Wine and locales

David Lee Lambert lamber45 at cse.msu.edu
Tue Aug 3 17:09:28 CDT 2004


On Wed, Jul 28, 2004 at 10:13:15PM -0700, Alexandre Julliard wrote:
> "Dmitry Timoshkov" <dmitry at baikal.ru> writes:
> 
> > I like the idea of moving that setting to the config file. We can't
> > use existing unix locale settings except LC_ALL and LANG because
> > every user's system might have (and does have) very different locale
> > settings, we can't assume that everyone out there configures locale
> > in the same way.
> 
> I don't see how the settings would be different, surely LC_CTYPE is
> always going to control the ASCII->Unicode mapping on Unix, so why
> shouldn't it do that on Wine?  If the issue is that users change their
> setup without understanding the results, then surely adding even more
> config parameters that they need to get right is not going to improve
> the situation.

Actually,  there are a number of different locale-related things that Wine needs to 
keep track of:

1.  ANSI->Unicode translation for programs that use the ANSI calls,  as has been 
discussed in this thread.

2.  Unicode->codepage translation on standard output, and codepage->Unicode 
translation on standard input.  Note that I could set LANG to 'en_US.UTF-16' on my 
Linux system, and programs SHOULD accept this.  Most don't, however.

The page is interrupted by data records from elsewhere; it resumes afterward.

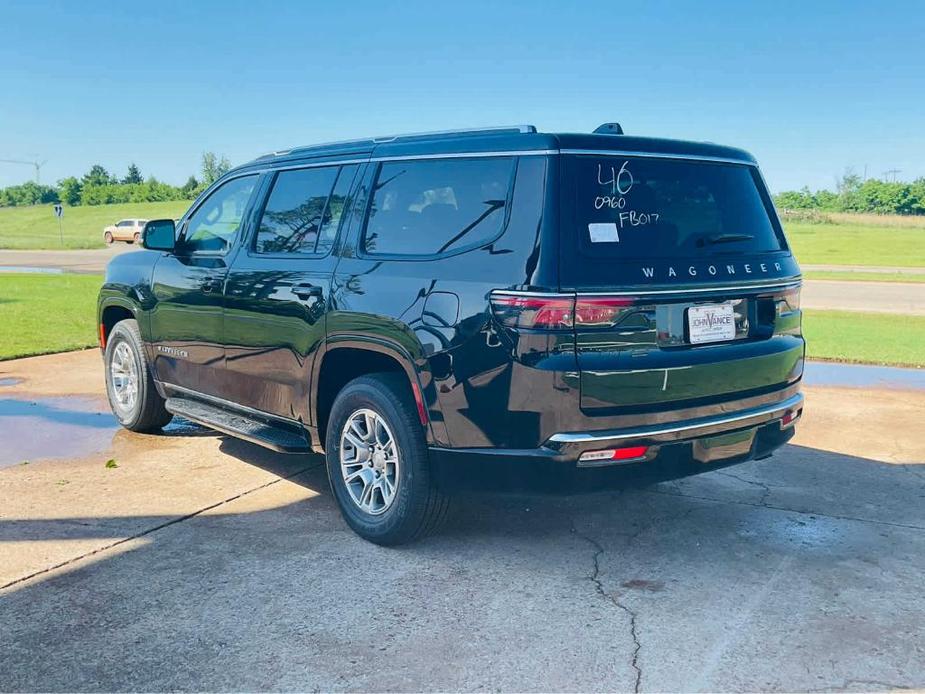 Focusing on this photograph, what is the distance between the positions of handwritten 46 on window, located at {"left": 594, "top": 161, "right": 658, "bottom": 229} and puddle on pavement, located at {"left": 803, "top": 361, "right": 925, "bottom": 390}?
18.0 feet

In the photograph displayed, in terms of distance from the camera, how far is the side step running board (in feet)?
16.5

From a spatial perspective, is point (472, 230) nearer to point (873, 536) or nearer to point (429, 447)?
point (429, 447)

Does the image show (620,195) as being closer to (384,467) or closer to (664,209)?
(664,209)

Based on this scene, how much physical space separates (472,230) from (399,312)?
1.73 ft

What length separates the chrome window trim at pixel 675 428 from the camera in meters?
3.75

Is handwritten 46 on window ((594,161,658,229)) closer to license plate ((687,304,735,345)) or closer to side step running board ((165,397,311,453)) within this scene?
license plate ((687,304,735,345))

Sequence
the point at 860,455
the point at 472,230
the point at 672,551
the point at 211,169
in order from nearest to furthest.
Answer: the point at 472,230 → the point at 672,551 → the point at 860,455 → the point at 211,169

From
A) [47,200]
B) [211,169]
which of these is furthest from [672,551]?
[47,200]

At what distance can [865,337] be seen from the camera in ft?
39.7

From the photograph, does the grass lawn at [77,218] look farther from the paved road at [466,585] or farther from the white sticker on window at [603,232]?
the white sticker on window at [603,232]

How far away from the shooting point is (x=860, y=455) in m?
6.30

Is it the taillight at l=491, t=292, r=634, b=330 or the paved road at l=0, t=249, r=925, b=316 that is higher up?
the taillight at l=491, t=292, r=634, b=330

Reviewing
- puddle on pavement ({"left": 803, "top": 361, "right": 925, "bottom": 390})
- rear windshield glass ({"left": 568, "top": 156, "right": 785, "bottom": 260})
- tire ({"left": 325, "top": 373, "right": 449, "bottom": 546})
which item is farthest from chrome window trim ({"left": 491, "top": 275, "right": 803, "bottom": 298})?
puddle on pavement ({"left": 803, "top": 361, "right": 925, "bottom": 390})

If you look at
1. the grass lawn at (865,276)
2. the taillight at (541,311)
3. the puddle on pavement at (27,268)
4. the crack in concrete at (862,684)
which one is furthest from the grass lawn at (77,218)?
the crack in concrete at (862,684) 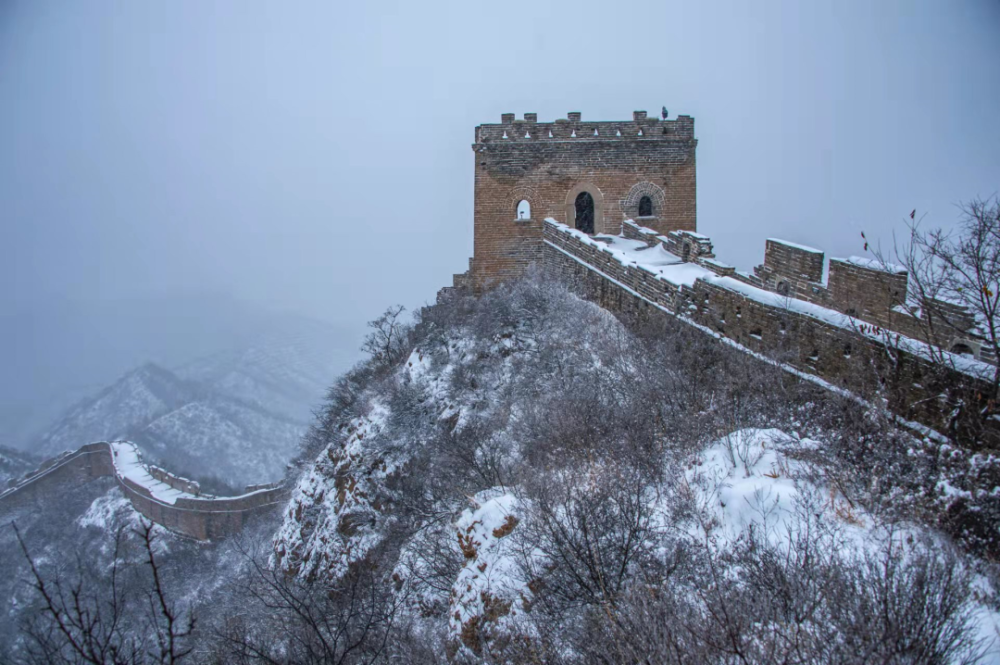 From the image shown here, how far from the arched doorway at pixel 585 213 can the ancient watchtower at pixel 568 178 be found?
29cm

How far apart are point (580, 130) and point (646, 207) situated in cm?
287

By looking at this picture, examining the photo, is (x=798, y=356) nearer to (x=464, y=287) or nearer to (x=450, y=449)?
(x=450, y=449)

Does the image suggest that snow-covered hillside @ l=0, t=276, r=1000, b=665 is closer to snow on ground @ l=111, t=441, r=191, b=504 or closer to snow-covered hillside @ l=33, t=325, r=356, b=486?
snow on ground @ l=111, t=441, r=191, b=504

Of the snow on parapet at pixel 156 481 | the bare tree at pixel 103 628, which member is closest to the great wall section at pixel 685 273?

3.  Unicode->codepage->Unicode translation on Linux kernels before 2.4, whereafter 
filenames are SUPPOSED TO be in UTF-8,  and kernel modules do translation for 
filesystems where filenames are stored in some other charset. (OPTIONAL, as 
filenames are not a big deal and the newer kernel fixes it--however,  there has to 
be a converson from the short-per-character format to UTF-8).

4.  Selection of approriate language for strings in programs that use such 
selection, as well as time, numeric, and string formats.  This is all through 
GetLocaleInfo(), whose first argument is an LCID returned by either 
GetUserDefaultLocale or GetSystemDefaultLocale.

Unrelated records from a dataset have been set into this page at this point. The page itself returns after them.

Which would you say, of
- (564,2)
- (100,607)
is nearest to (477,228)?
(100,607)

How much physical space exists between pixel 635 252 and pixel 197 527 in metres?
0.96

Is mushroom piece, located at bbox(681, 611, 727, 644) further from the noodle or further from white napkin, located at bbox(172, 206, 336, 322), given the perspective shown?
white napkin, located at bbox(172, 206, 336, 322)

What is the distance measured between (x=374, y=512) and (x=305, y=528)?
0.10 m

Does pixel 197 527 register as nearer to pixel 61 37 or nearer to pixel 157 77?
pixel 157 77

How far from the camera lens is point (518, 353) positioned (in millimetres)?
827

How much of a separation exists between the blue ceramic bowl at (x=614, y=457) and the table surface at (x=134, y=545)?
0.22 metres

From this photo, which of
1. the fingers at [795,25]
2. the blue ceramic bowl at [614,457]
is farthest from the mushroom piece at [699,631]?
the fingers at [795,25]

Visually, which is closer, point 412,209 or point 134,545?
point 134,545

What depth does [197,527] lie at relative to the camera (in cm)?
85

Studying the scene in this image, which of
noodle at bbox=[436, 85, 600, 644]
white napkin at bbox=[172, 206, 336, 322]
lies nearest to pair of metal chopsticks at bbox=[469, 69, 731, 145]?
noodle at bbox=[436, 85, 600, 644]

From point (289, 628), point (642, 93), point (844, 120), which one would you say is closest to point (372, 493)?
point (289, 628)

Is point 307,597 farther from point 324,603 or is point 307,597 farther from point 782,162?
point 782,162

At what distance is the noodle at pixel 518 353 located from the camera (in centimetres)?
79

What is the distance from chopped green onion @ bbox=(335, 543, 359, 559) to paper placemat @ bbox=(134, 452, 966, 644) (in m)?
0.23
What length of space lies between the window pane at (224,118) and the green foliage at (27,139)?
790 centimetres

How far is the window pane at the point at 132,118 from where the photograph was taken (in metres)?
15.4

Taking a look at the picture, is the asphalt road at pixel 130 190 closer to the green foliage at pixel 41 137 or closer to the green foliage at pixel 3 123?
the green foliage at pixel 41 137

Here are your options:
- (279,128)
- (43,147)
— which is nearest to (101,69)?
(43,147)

5.  The MultiByteToWideChar() and WideCharToMultiByte() functions,  which allow a 
program to do its own conversion to and from Unicode with a specified codepage.

I think (1) should be specified on a per-program basis in the config file, with a 
system default there, and, as final default, raw translation for ANSI-to-Unicode and 
something reasonable the other way.  I said in another message that codepages are 
deprecated;  I meant that the ANSI calls (as opposed to (5)) are deprecated for 
internationalized applications.

The '.codepage' suffix of LANG and LC_CTYPE should both be searched for the answer 
to (2).  As for graphical output to X,  it doesn't seem like that should be 
restricted by setting LANG.

For (3) there should be an option in the config file like "filesystem_codepage", but 
it should default to utf8.

For (4),  Wine should select an appropriate LangID and LCID based on the la_CC tag 
and return them, respectively, in response to Get*DefaultLangID and Get*LCID.  In 
wine, at present, there is not really a seperate 'system' level.

Furthermore,  wine could respond to different groups of GetLocaleInfo() constants 
according to LC_MESSAGES, LC_NUMERIC, etc., but this is an unusual feature that 
probably isn't needed at first.  It seems that using the config-file to define 
codepage translation and the suffix for IO charset translation gets rid of the 
typical user's need to have other variables besides LANG set.

Consider locales I might use:

LANG	LCID	LangID
----	----	------
en_US	1	9
es_MX	52	10
es_US	1	9	
ar_SA	966	1

Let's say I have a program that prints "Hello, World" in the current language, using 
wide calls.  When I run it in Linux,  it should print that string out using the 
current language and codepage.  Suppose I also have a database program that was 
written in outer burgoslavia and keeps its data files in the encoding for outer 
burgoslavian,  which is supported only by Windows 95 for Burgoslavia and Windows 
Server 2003.  I don't want to change Linux to support Burgoslavian,  but if 
Burgoslavian is encoded in some Unicode font I can add a section to [AppDefaults]
and let that perticular program think it is running on an all-Burgoslavian system.

For (5), the functions act the same no matter what locale the user is in.